■ Problem details: Given the entries below, would you transcribe exactly the lines starting at the one with "SUPER HIGH RISE" and ending at the one with "LP-V52 Square Radio", both kept, pictures omitted, nothing extra?

■ Exercise input:
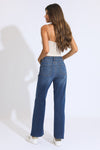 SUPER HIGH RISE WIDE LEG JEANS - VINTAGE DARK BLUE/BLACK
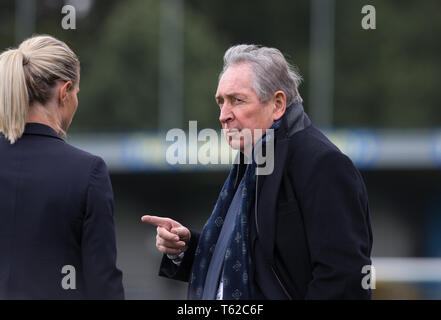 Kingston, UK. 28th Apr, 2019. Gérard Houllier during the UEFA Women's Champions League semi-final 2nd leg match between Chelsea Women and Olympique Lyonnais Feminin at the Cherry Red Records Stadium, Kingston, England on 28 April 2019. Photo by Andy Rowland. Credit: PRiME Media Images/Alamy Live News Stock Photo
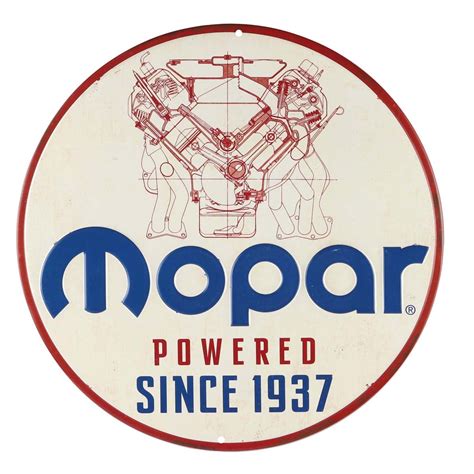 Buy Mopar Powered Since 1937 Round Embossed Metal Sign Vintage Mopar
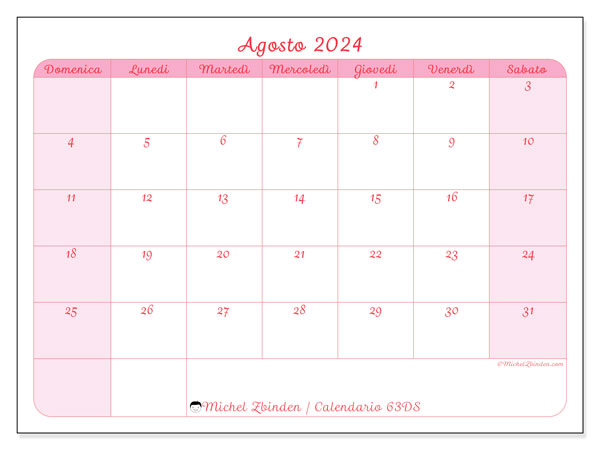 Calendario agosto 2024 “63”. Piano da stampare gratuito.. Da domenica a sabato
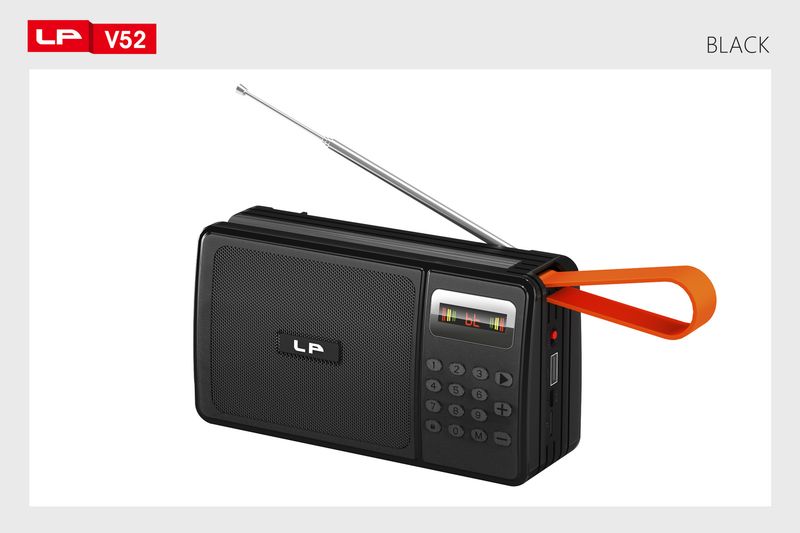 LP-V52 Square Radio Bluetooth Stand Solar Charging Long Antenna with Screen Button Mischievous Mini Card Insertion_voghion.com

==

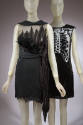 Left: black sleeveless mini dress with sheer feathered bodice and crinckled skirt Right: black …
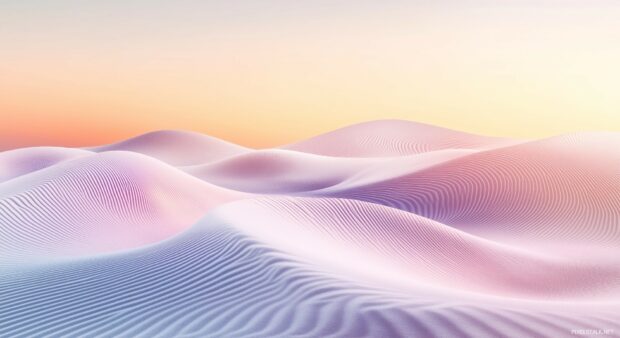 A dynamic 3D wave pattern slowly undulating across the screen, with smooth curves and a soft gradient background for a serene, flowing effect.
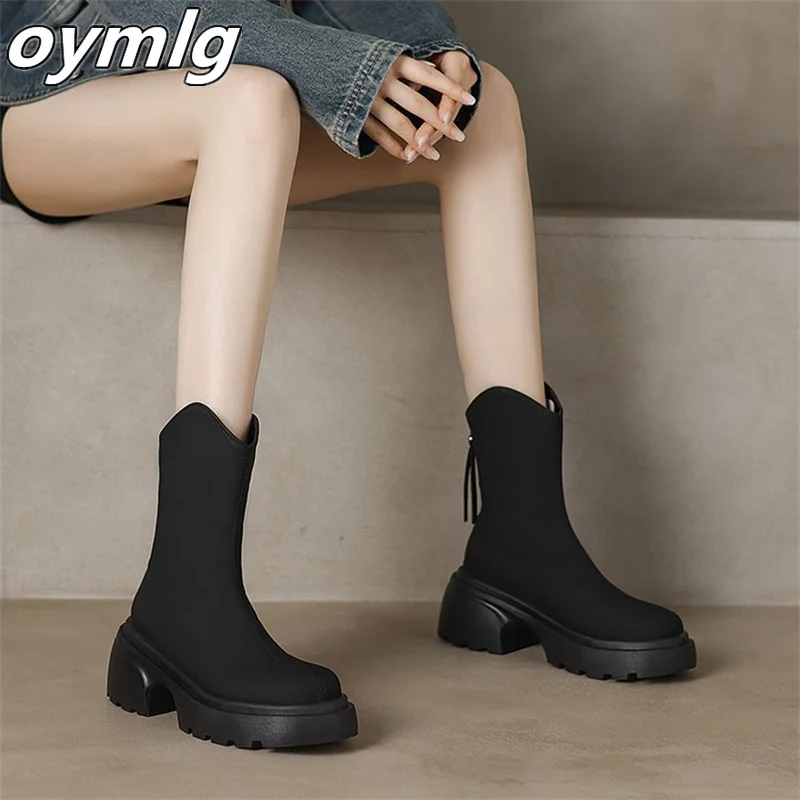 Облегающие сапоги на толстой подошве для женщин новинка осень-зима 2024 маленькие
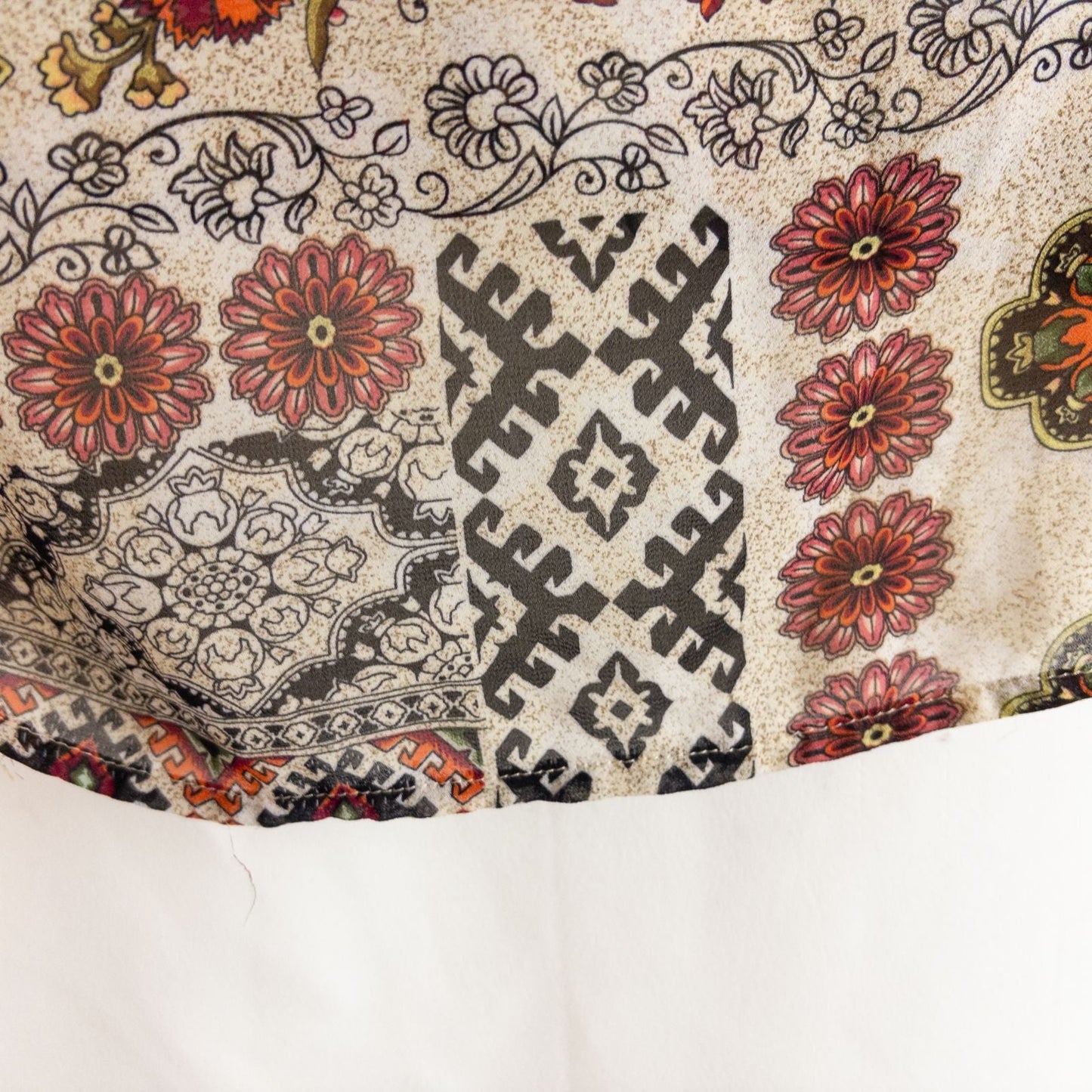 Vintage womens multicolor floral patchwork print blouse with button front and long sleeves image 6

--

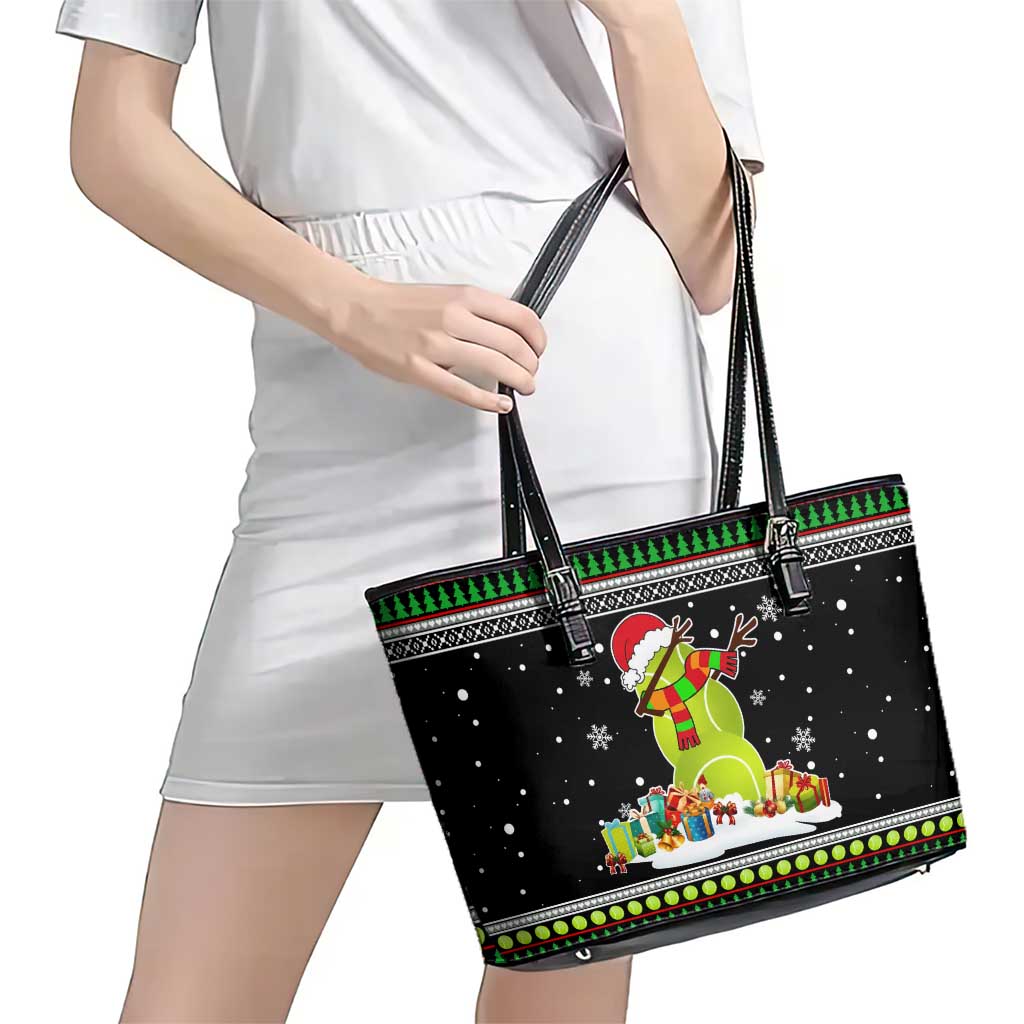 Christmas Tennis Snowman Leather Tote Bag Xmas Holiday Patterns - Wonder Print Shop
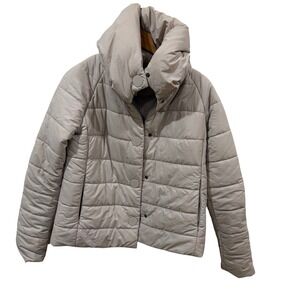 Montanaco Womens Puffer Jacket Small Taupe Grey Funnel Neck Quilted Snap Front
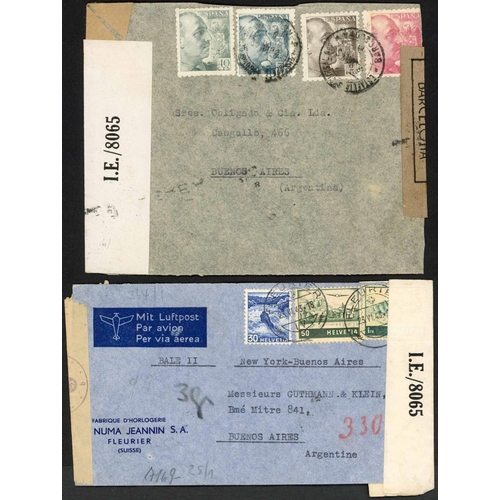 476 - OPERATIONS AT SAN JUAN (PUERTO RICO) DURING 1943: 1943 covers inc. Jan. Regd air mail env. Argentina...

■ Written response:
 SUPER HIGH RISE WIDE LEG JEANS - VINTAGE DARK BLUE/BLACK
 Kingston, UK. 28th Apr, 2019. Gérard Houllier during the UEFA Women's Champions League semi-final 2nd leg match between Chelsea Women and Olympique Lyonnais Feminin at the Cherry Red Records Stadium, Kingston, England on 28 April 2019. Photo by Andy Rowland. Credit: PRiME Media Images/Alamy Live News Stock Photo
 Buy Mopar Powered Since 1937 Round Embossed Metal Sign Vintage Mopar
 Calendario agosto 2024 “63”. Piano da stampare gratuito.. Da domenica a sabato
 LP-V52 Square Radio Bluetooth Stand Solar Charging Long Antenna with Screen Button Mischievous Mini Card Insertion_voghion.com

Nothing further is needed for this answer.